=== WORK TO BE COMPLETED ===
The copy should run from the line containing "[EWC] 8 Hours" through the last line of the entries below, exactly as written, with pictures omitted.

=== SUPPLIED INFORMATION ===
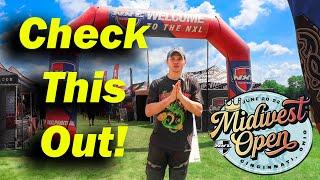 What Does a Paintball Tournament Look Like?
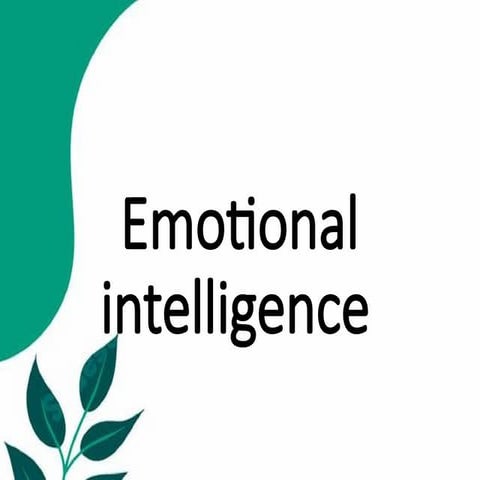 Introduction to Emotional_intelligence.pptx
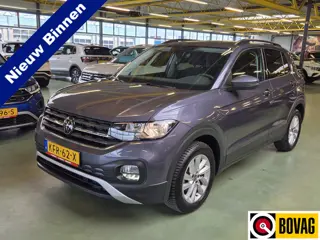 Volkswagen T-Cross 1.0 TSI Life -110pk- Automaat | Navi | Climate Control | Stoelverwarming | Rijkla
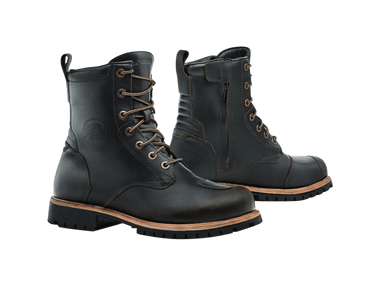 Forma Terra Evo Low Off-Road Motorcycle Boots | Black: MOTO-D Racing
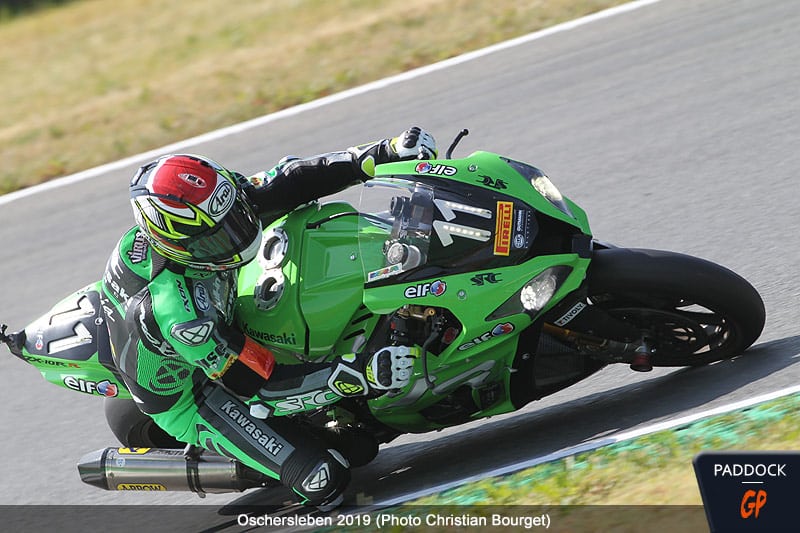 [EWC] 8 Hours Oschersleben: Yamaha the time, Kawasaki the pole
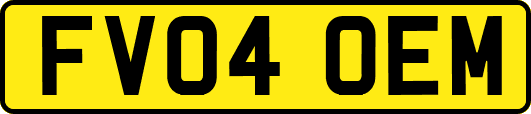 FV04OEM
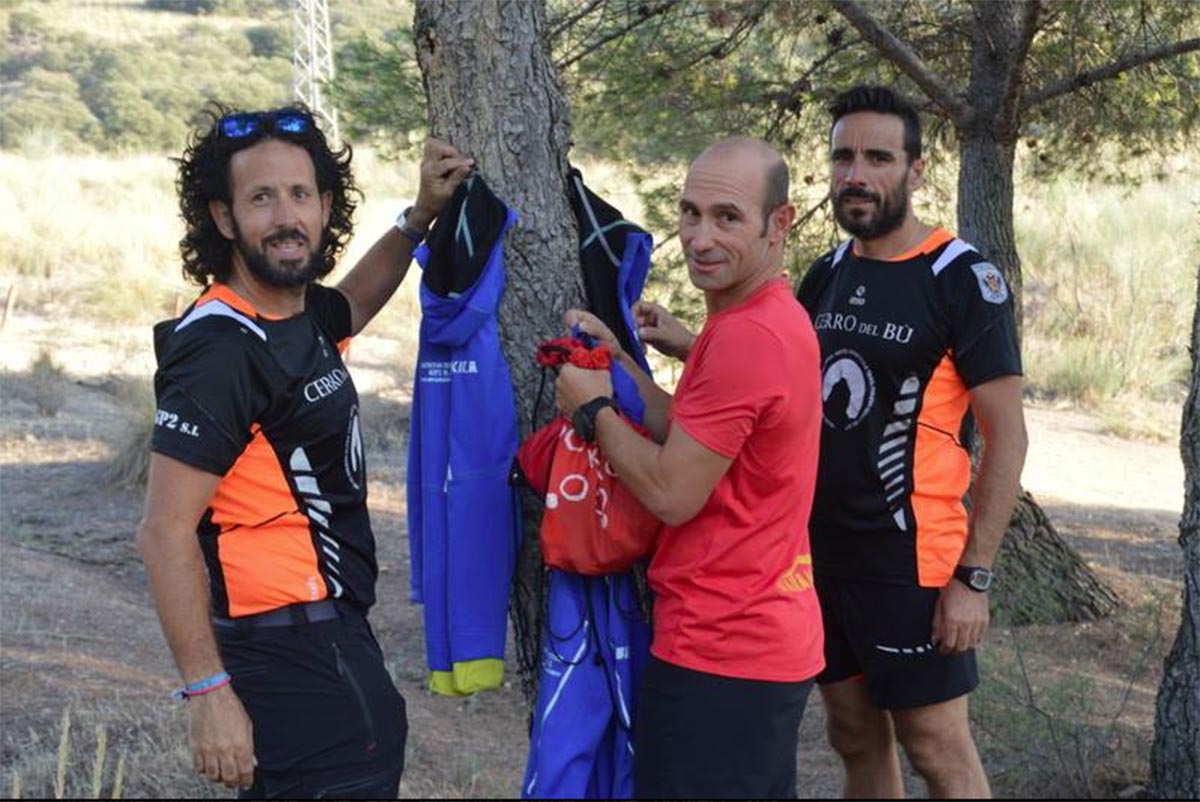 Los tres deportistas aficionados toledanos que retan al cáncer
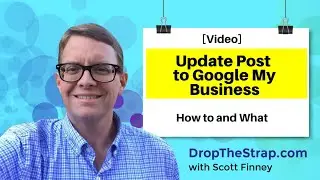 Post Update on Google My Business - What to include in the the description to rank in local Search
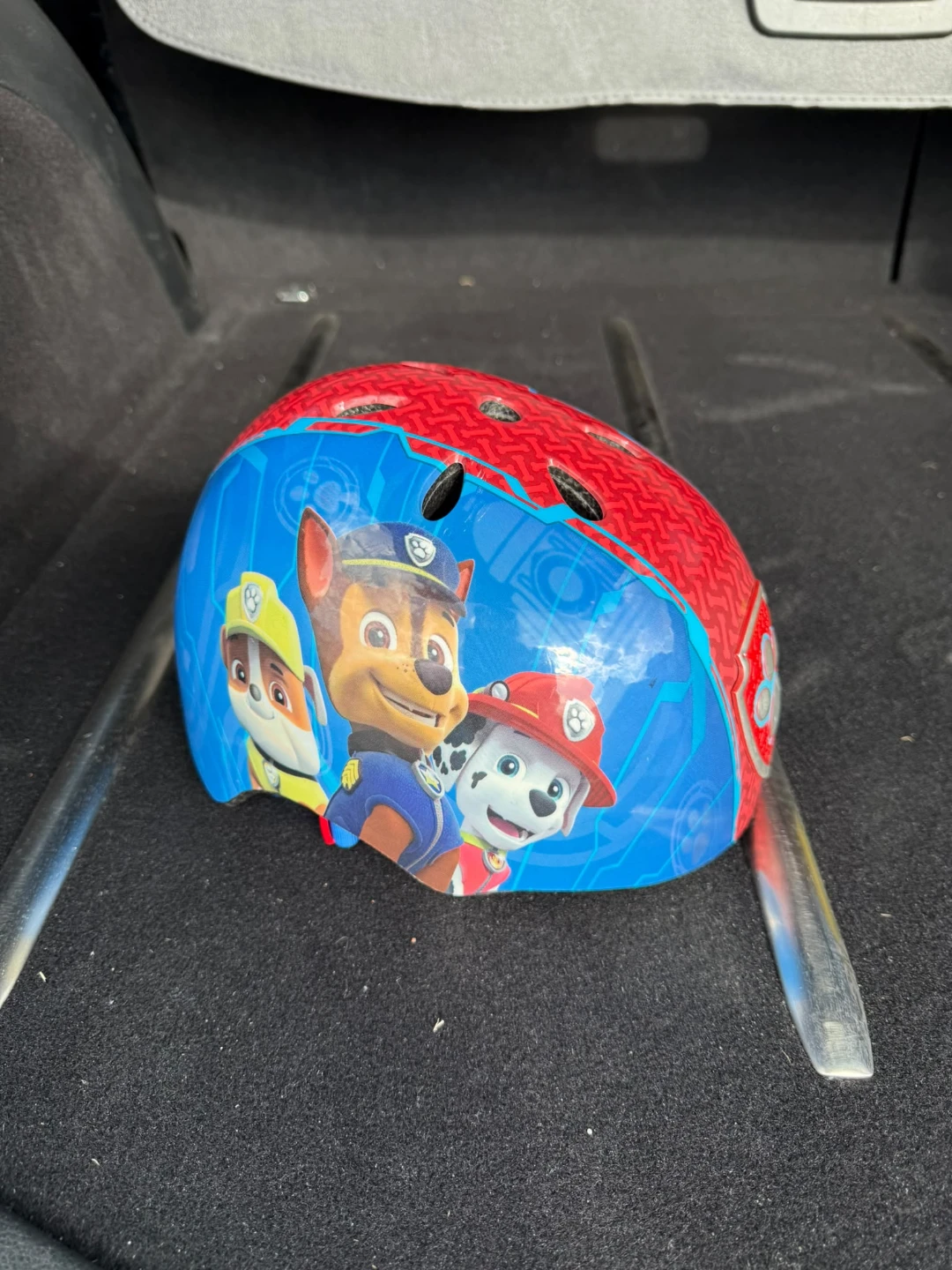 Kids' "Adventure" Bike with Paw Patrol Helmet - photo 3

=== OUTPUT OF THE EXERCISE ===
 [EWC] 8 Hours Oschersleben: Yamaha the time, Kawasaki the pole
 FV04OEM
 Los tres deportistas aficionados toledanos que retan al cáncer
 Post Update on Google My Business - What to include in the the description to rank in local Search
 Kids' "Adventure" Bike with Paw Patrol Helmet - photo 3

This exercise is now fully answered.